Wednesday 9 April 2014

Are political opinion polls biased?

Over the weekend, Winston Peters claimed that New Zealand first was doing "far better" among actual voters than recent polls suggest. In particular, he based this claim on his wealth of personal experience and decades in NZ politics, and said:

"The polls have been overly kind for National election after election, and against a real night result they've been far too high. For Labour they've been about right up and down but about right,'' Mr Peters told TV One's Q+A programme today.
"For the Greens, they've been excessively favourable to the Greens, always way above what they find they get. And we're always below what we really get, so your so-called 7 per cent polls are nonsense. We're doing far better than that.''
So the statement being tested is:
- Polls overestimate the party vote for National (NAT)
- Polls are roughly accurate for the party vote for Labour (LAB)
- Polls overestimate the party vote for the Greens (GRN)
- Polls underestimate the party vote for New Zealand First (NZF)
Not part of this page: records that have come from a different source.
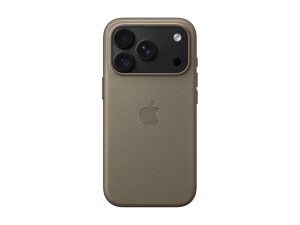 APPLE iPhone 18 Pro TechWoven Case with MagSafe - Taupe Apple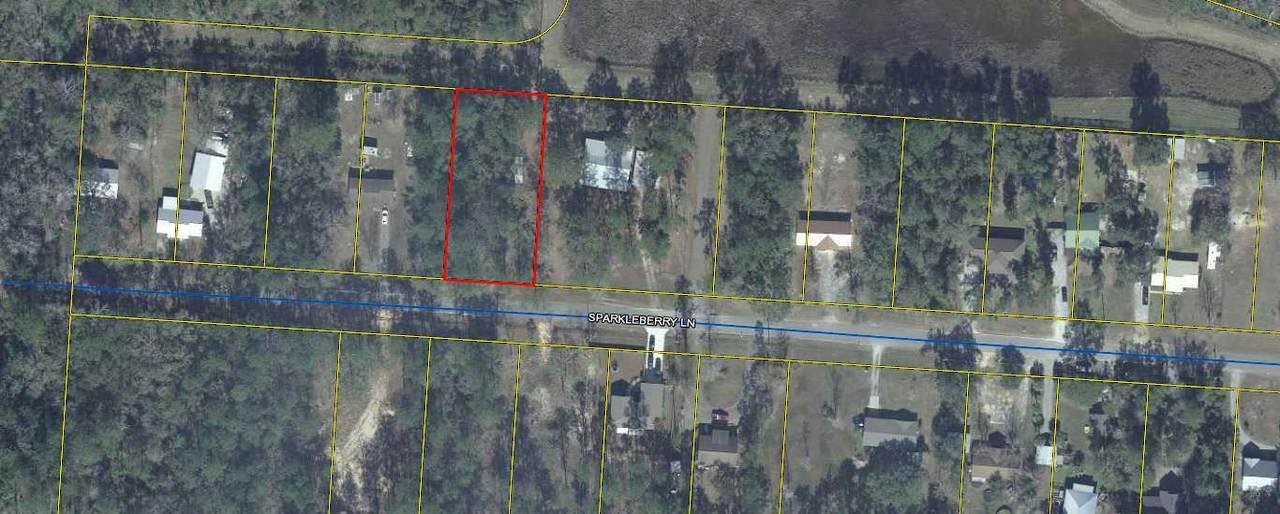 lot 54 Sparkleberry Lane - Photo 1
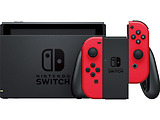 Nintendo Switch Red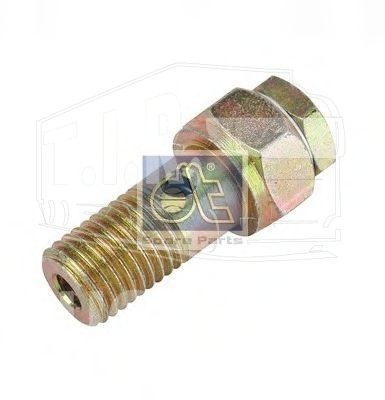 Клапан перепускной М12*1.5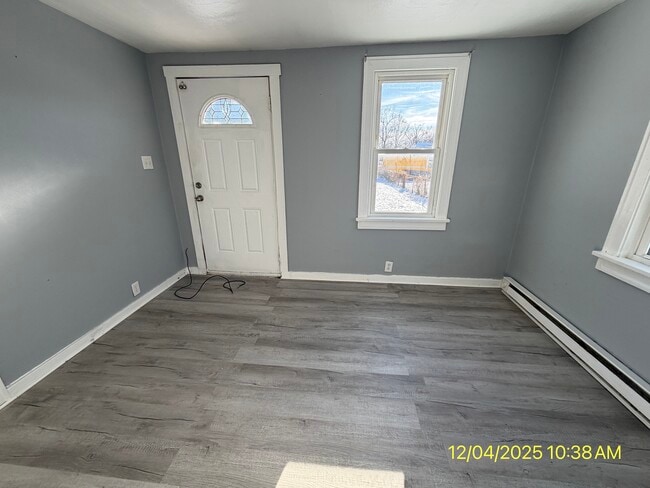 1711 E Lynn St in Anderson, IN - Foto de edificio - Building Photo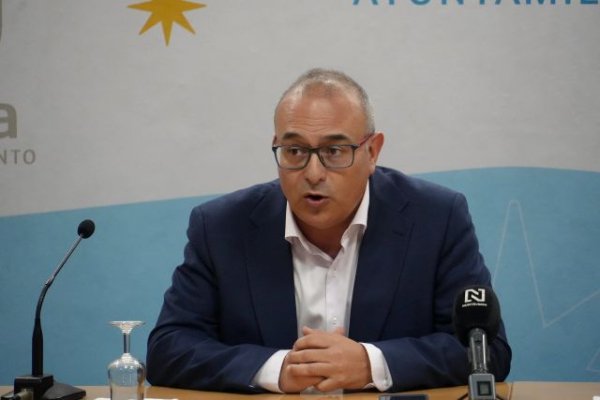 Guía: Nota de prensa de &#039;Juntos por Guía&#039; sobre varios actos financiados por el Ayuntamiento sin tener contrato para ello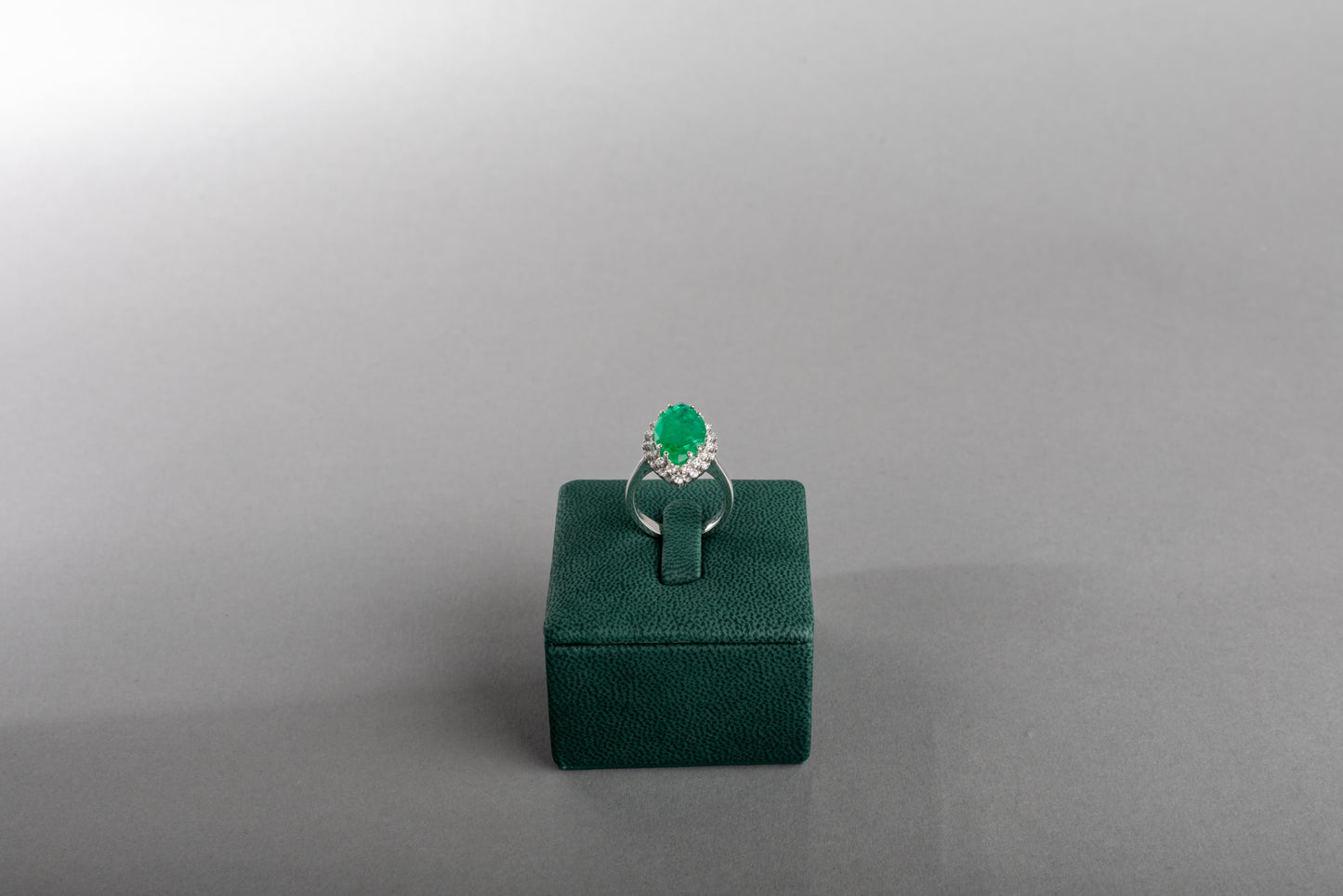 Limited Edition Ring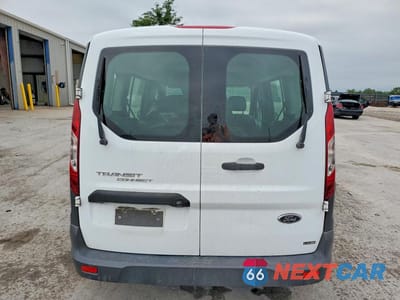 Zdjęcie 6 z 14 samochodu: 2016 FORD TRANSIT CONNECT XL VIN:NM0GS9E7XG1284130 - miniatura
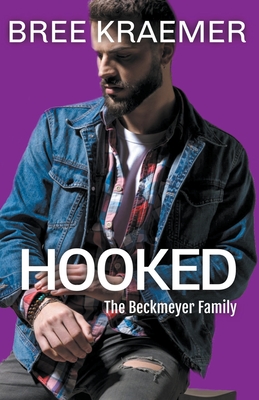 Hooked - Bree Kraemer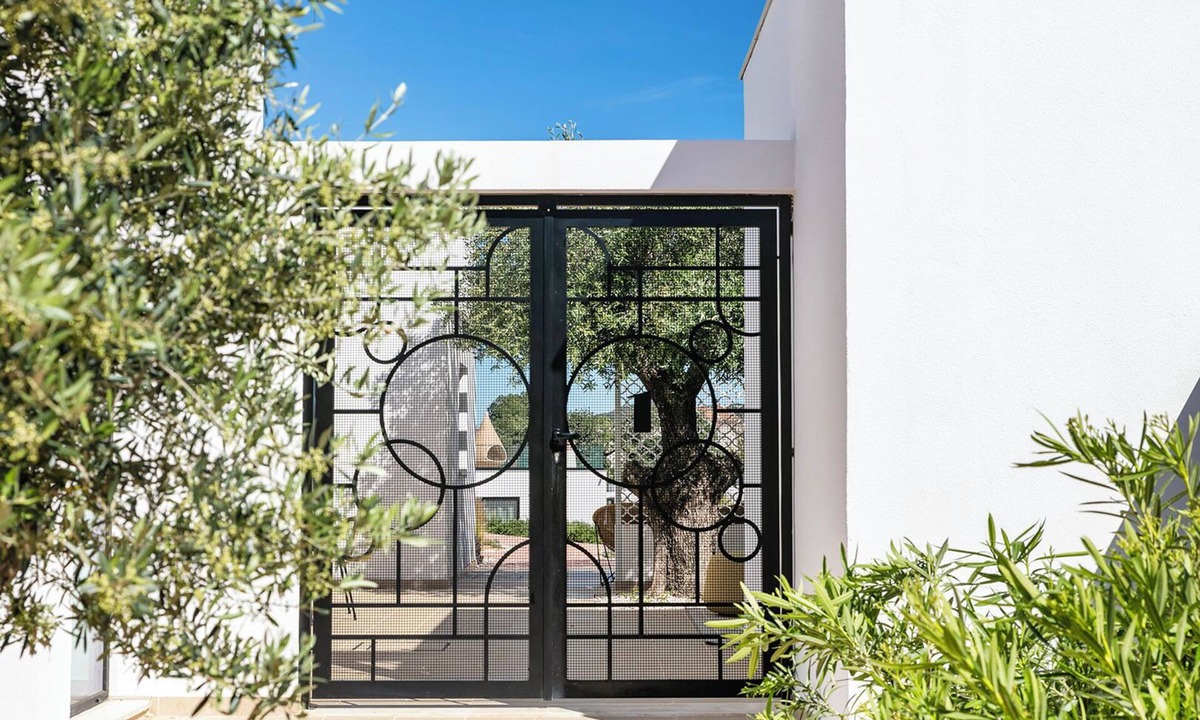 Aldeia Villa | Paraiso Azul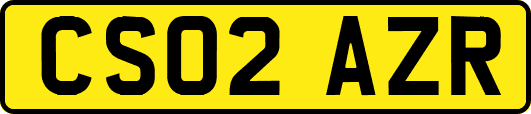 CS02AZR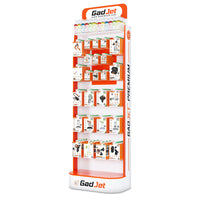 Ring DS022-3 Gad Jet Ultimate Slim FSDU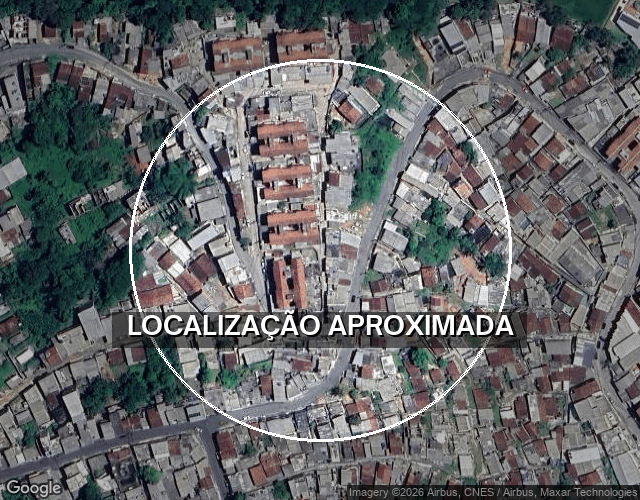 Terreno com 407,94m² em Jaboatão dos Guararapes/PE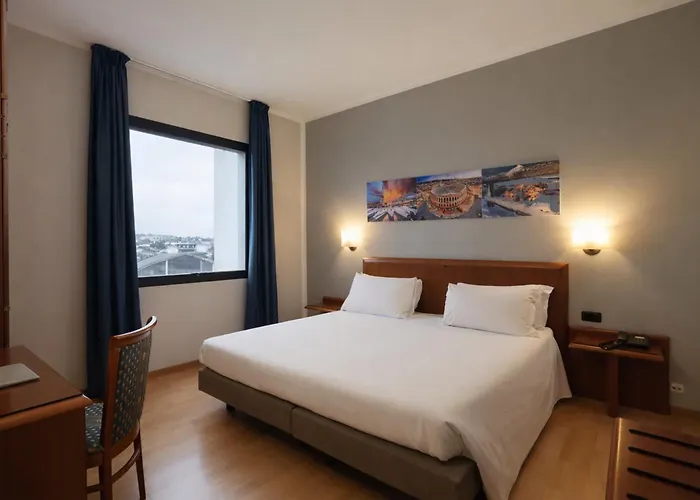 LVG Hotel Collection - Gardenia Verona
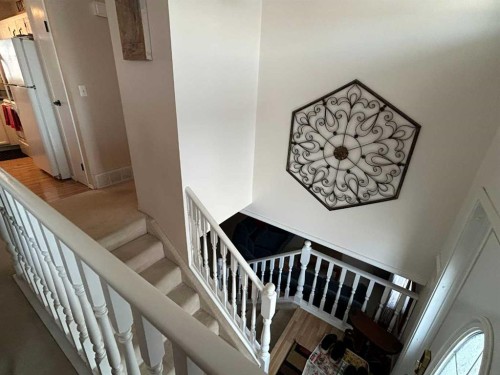 4529 Shannon Drive, Olds, AB - Indoor Photo Showing Other Room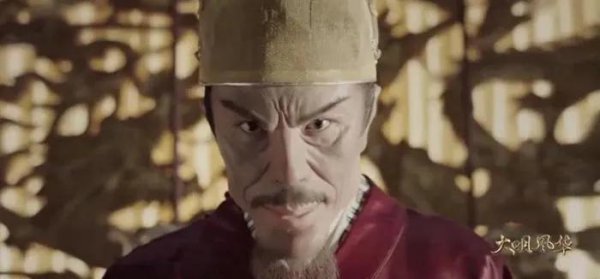 历史上朱元璋真实长相记载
A paper written by Rob Salmond in 2004 determined that some individual political polls in NZ do have biases (the draft paper has a big DO NOT CITE OR DISTRIBUTE WITHOUT PERMISSION at the top so I won't go into it too much, but it's floating around on the internet) and that in particular Colmar Brunton tends to overestimate the NAT vote in comparison to UMR and TNS. However, that's between polls - in general, how accurate are the polls?

A cursory glance at the tables on this Wikipedia page would suggest that political polls in New Zealand weren't very correct in 2011. They indicated who was going to win correctly but from 2009 onwards it was National's election to lose. Technically, the final results are in the margin of error of the polls but that's becuase the margin of error is usually quite large, making the polls quite imprecise (and thus achieving accuracy is not as impressive). It points towards systematic errors in the ways that the polls are conducted, and in this case we are interested in which direction those errors occur (I apologise for mixing scientific and statistical jargon; I know I'm at terrible person).

To investigate this, we should compare a number of polls to the final election result for each post-MMP election (i.e. since 1996) and how accurate it was for NAT, LAB, GRN, and NZF. I was just about to start doing this research properly when it turns out that Gavin White (UMR) has already done this in February 2014, comparing the final poll and the election result, and published his results on the SAYit Blog. Not much point in me doing it again. The conclusion? Between 1999 and 2011:

- 16 had National too high, while 3 had them too low. The most any company had underestimated National's vote by was 2%, while the most a company had overestimated National's vote by was 9%. One poll has had National's vote above their actual vote by more than the margin of error at three of the last five elections.
- 5 had Labour too high, while 5 had them too low.
- 9 had the Greens too high, while 3 had them too low. That overstates the case a little, because the most any poll has been out for the Greens is 3.4%.
- 1 had NZ First too high, and 9 had them too low. 
The biggest difference was in 2002, when one poll had them 6% too low - mostly the differences are within 2%.

One way of looking at this further is to take the average (mean) error for these four parties across the 19 final polls included in this dataset. That shows us that the average error is:
National: 2.7% too high
Labour: 0.7% too high
Greens: 1.0% too high
NZ First: 1.5% too low.


- If the total for Labour + Greens is within about 2% of the total for National and its allies (whichever of ACT, United Future and the Conservatives makes it into parliament), then it's actually pretty much a deadheat.
- If NZ First gets 4% in most of the mainstream polls, then they'll probably pass the 5% threshold on election day.


So the original statement being investigated:
- Polls overestimate NAT - True
- Polls are roughly accurate for LAB - True
- Polls overestimate GRN - True
- Polls underestimate NZF - True

Turns out Winston Peters was right on the money, and shows that his wealth of experience in NZ politics should at least make him quite good at iPredict.